Jannah Theme License is not validated, Go to the theme options page to validate the license, You need a single license for each domain name.
Siyasi Gündem

Emekliye zam umudu verecek açıklama geldi: Maaşlarında ciddi artış yaşanabilir

Geçtiğimiz yılın enflasyon verisinin çok altında bir artırım oranı ile 2025’e giriş yapan emekliler birinci 6 ay için aldıları artırımla da hayal kırıklığına uğradı. Milyonlarca emekilin aylığı açlık hududunun altında kalırken TÜİK’in bilgileri ile uymayan pazardaki fiyatlar emeklinin belini büktü.

Maaş artırımlarını düşük tutarak enflasyonun yükselişinin durdurulmaya çalışıldığı sistemde TÜİK inanç enflasyonunun altında ezildi.

İlk 6 aylık artırımı belirleyen son aylık enflasyon verisi Haziran’da yüzde 1.37 iken Temmuz’da bir anda yüzde 2.06’ya yükseldi.
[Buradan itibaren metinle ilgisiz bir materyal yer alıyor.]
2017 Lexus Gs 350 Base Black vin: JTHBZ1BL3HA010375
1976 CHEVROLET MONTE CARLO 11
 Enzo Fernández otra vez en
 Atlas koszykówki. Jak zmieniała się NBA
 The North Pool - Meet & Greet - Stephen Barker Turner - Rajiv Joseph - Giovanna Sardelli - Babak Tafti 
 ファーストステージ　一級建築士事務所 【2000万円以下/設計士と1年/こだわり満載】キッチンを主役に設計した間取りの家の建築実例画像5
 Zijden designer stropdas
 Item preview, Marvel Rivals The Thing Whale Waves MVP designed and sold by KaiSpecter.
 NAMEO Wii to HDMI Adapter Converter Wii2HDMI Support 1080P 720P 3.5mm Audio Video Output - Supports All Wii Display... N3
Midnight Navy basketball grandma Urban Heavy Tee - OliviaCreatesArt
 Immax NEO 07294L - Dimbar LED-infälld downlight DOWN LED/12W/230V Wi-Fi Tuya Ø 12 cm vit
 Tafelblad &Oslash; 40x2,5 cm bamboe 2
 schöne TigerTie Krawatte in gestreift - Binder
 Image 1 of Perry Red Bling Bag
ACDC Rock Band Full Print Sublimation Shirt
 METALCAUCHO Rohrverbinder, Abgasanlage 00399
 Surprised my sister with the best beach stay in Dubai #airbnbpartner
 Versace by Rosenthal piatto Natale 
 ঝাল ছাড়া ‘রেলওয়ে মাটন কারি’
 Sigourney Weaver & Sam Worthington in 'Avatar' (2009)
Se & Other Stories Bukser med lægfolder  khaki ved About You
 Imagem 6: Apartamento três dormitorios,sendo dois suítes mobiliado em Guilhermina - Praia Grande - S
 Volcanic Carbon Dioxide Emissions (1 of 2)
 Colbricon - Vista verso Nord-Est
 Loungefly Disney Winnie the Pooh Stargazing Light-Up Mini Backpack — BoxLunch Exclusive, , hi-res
Enflasyon oranlarını düşük açıklayıp bilgi sepetini kamuoyuyla paylaşmayan TÜİK davalık oldu.

EMEKLİYE ARTIRIM UMUDU VERECEK AÇIKLAMA GELDİ

TÜİK, son olarak temmuz ayı enflasyon verisini açıklarken aylık enflasyon 2.06 yıllık enflasyon yüzde 33.52 oldu. Buna nazaran enflasyon; bir evvelki yılın Aralık ayına nazaran yüzde 19,08 artış, bir evvelki yılın tıpkı ayına nazaran yüzde 33,52 artış ve on iki aylık ortalamalara nazaran ise yüzde 41,13 artış gösterdi.

Temmuz 2025 enflasyon datalarının açıklanmasının akabinde TÜİK’e yönelik tenkitler tekrar gündeme gelirken Ekonomist, Toplumsal Süvenlik Uzmanı ve Mali Müşaviri Murat Bal, TÜİK’in enflasyon oranlarını düşük açıklaması ve data sepetini kamuoyuyla paylaşmaması nedeniyle açılan davanın emekliler için belirleyici olabileceğini söyledi.

Bal, davanın kazanılması durumunda milyonlarca emeklinin maaşında önemli artış yaşanabileceğini belirtti.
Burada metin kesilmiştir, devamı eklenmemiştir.